Disclosures: Stephanie A. Gregory: Honoraria: GlaxoSmithKline, Genentech; Karin Hohloch: None; Christian Gisselbrecht: Research funding/contracted research: Bayer Schering Pharma; Kensei Tobinai: None; Martin Dreyling: Honoraria: Roche, Bayer, Schering; Research funding/contracted research: Roche, Bayer, Schering.
This article discusses 90Y-ibritumomab tiuxetan (Bayer Schering Pharma AG, Spectrum Pharmaceuticals, Inc.), a radioimmunotherapeutic agent, to minimize the systemic effects of radiation, as therapy in NHL patients with relapsed low-grade NHL and for consolidation therapy after frontline chemotherapy.
The content of this article has been reviewed by independent peer reviewers to ensure that it is balanced, objective, and free from commercial bias. No financial relationships relevant to the content of this article have been disclosed by the independent peer reviewers.

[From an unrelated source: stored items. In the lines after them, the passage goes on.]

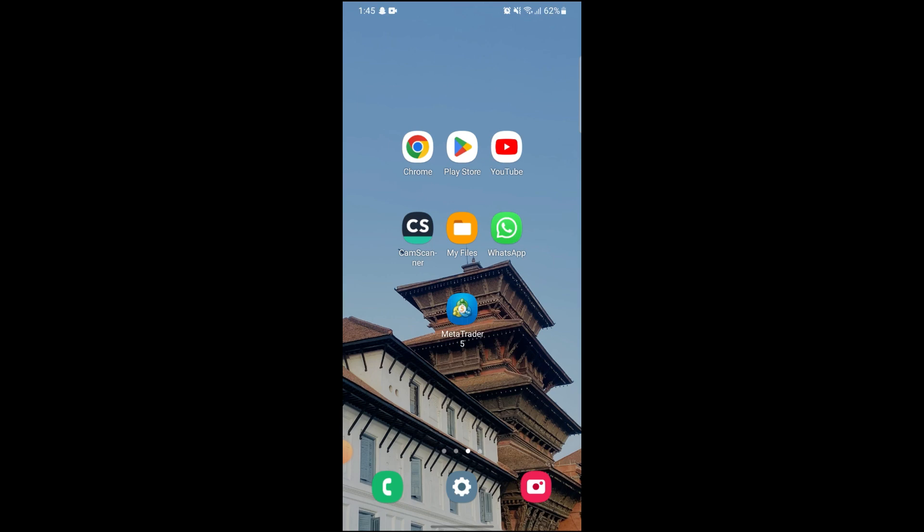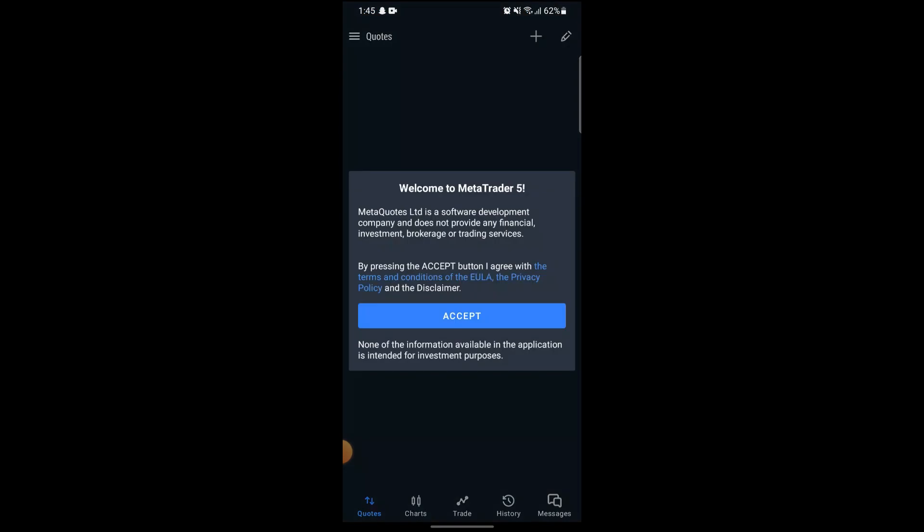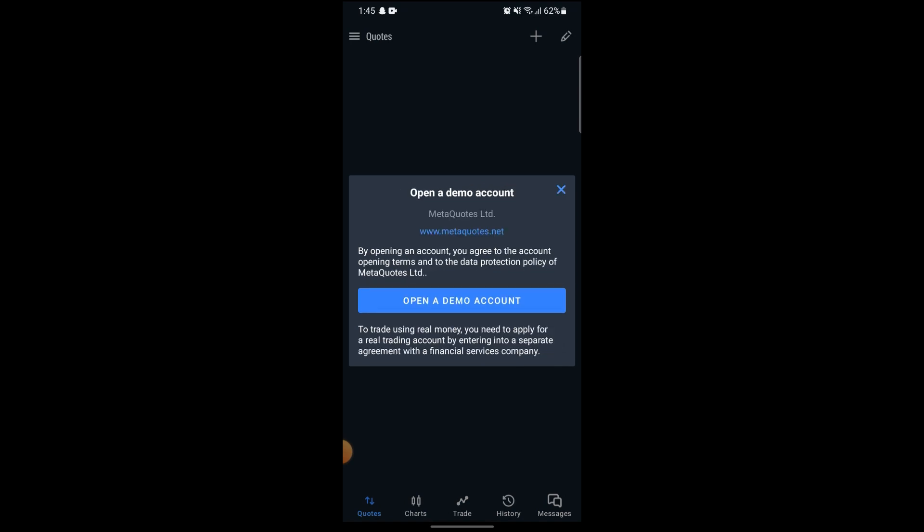You just have to download your MetaTrader app and after that just open it up. Here you can see I have a popup where it says welcome to MetaTrader 5. If you accept this, you will see an option to open a demo account.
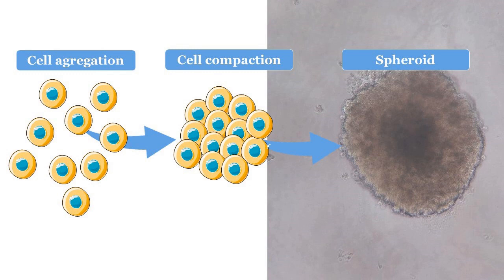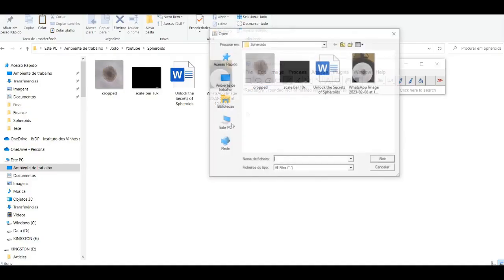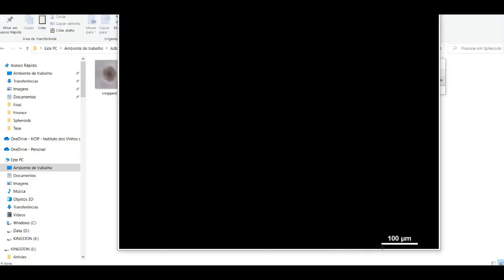In this tutorial, we will go over the steps to measure the diameter and area of spheroids using ImageJ software.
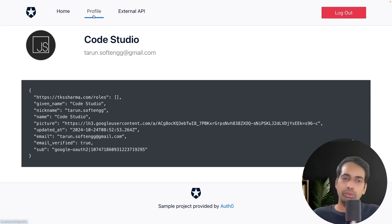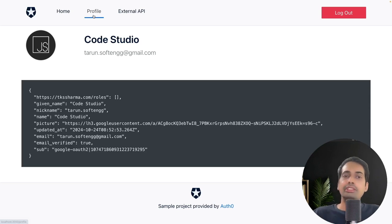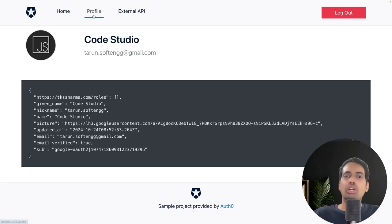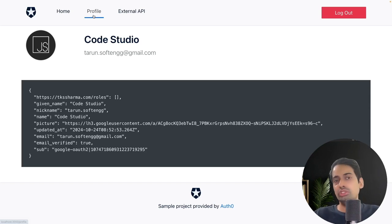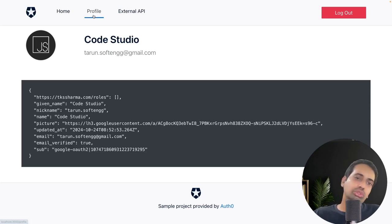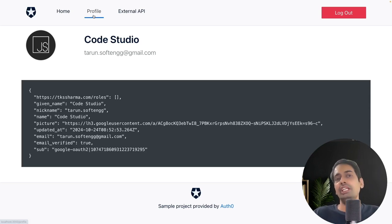Now, what's next? Once we have the access token and ID token, we will first look into what an access token and ID token are, then talk about Auth0 organizations, and then cover how we can use the access token to validate our APIs. We need to register APIs on Auth0 so that when you get this token, you can use it to get validated by the API server and retrieve data.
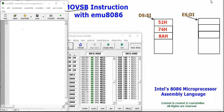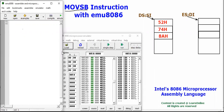In this video tutorial I'm going to explain how the MOVSB instruction works in the EMU 8086 environment. We have already created tutorials on other instructions in EMU 8086. This MOVSB, or Move String Byte, instruction is basically a string instruction used to copy content from consecutive memory locations into another consecutive location.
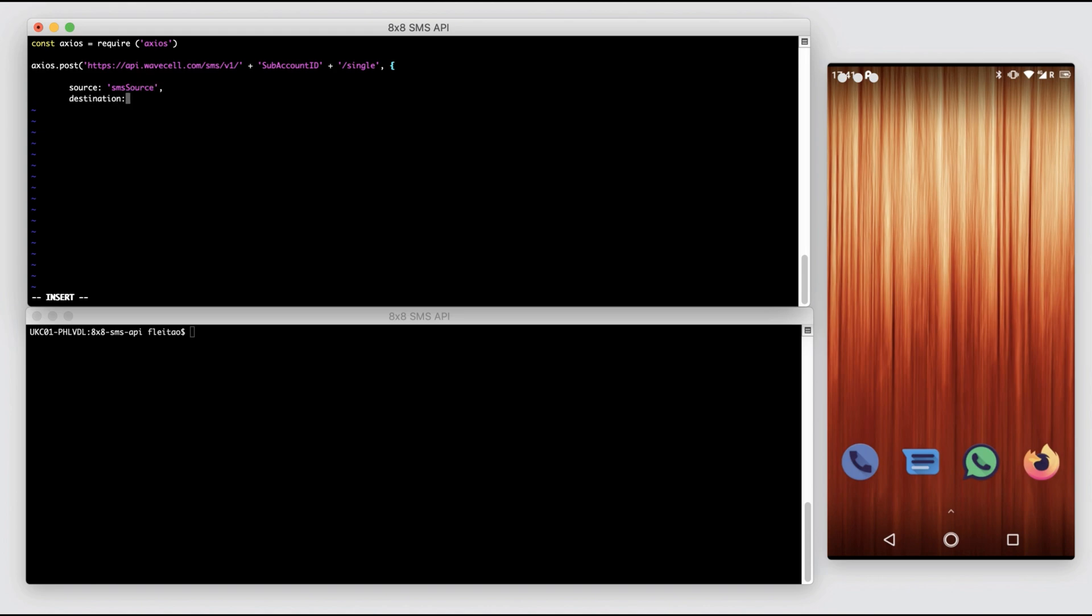First, we start by building the script that will send the outbound SMS.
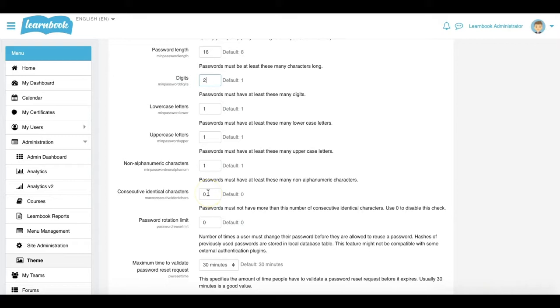Do I want to put any restrictions on the consecutive identical characters? For example, I can't let a user, or maybe I don't want to let a user, type 333 into that. They can only have maybe two identical consecutive characters.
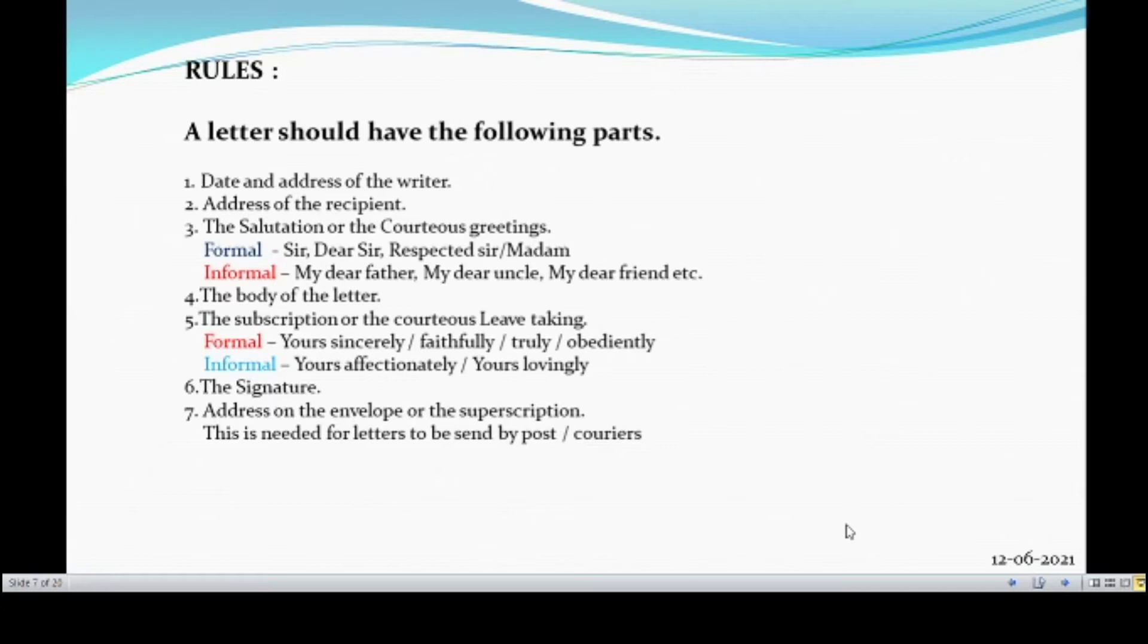Fourth one, the body of the letter, the main content. Fifth one, the subscription or the courteously taking. If it is a formal letter means, yours sincerely, yours faithfully, yours truly or yours obediently. And if it is an informal letter means, yours lovingly.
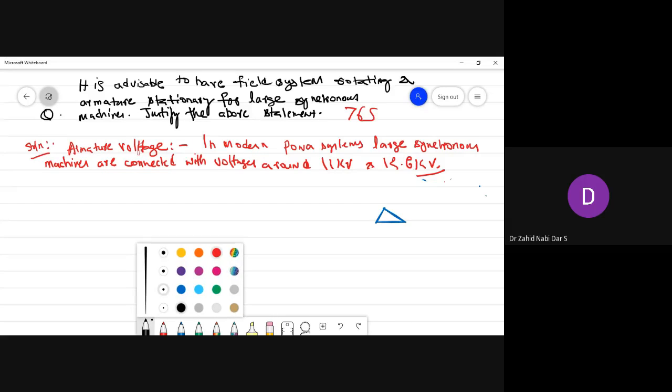Point 1: In a stationary armature system, high voltage windings can be connected directly to the system, thus avoiding slip rings.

Radioimmunotherapy (RIT) combines the use of targeted monoclonal antibodies with radionuclides for the treatment of non-Hodgkin's lymphoma (NHL), taking advantage of its inherent radiosensitivity. A number of trials have shown significantly higher response rates and longer progression-free survival times in patients treated with the CD20-targeted radioimmunoconjugate yttrium-90-ibritumomab tiuxetan compared with the standard of care. Furthermore, these benefits have also been shown in heavily pretreated patients who relapsed or were resistant to rituximab. Currently, a number of different treatment regimens and strategies are available for the treatment of NHL patients. Therefore, in an attempt to minimize toxicity, maximize efficacy, and improve survival, it is crucial to appropriately select patients who are good candidates for individual treatment approaches. A strategy for patient selection has been developed, including the use of existing patient assessment tools, such as the Follicular Lymphoma International Prognostic Index, to determine the optimal regimen for patients with follicular lymphoma according to their disease characteristics and physical condition. Patients who are fit make ideal candidates for potentially curative regimens, which include induction chemotherapy with or without immunotherapy followed by RIT consolidation and, potentially, maintenance therapy. Patients who are considered "compromised" would also benefit from induction treatment and RIT consolidation, with a view to reducing the lymphoma burden and decreasing the risk for disease progression. "Frail" patients would be better suited to supportive therapy to control symptoms. This paper explores factors that should be considered when assessing whether a patient is a good candidate for treatment with RIT, and aids physicians in the selection of the most appropriate therapy for each patient group.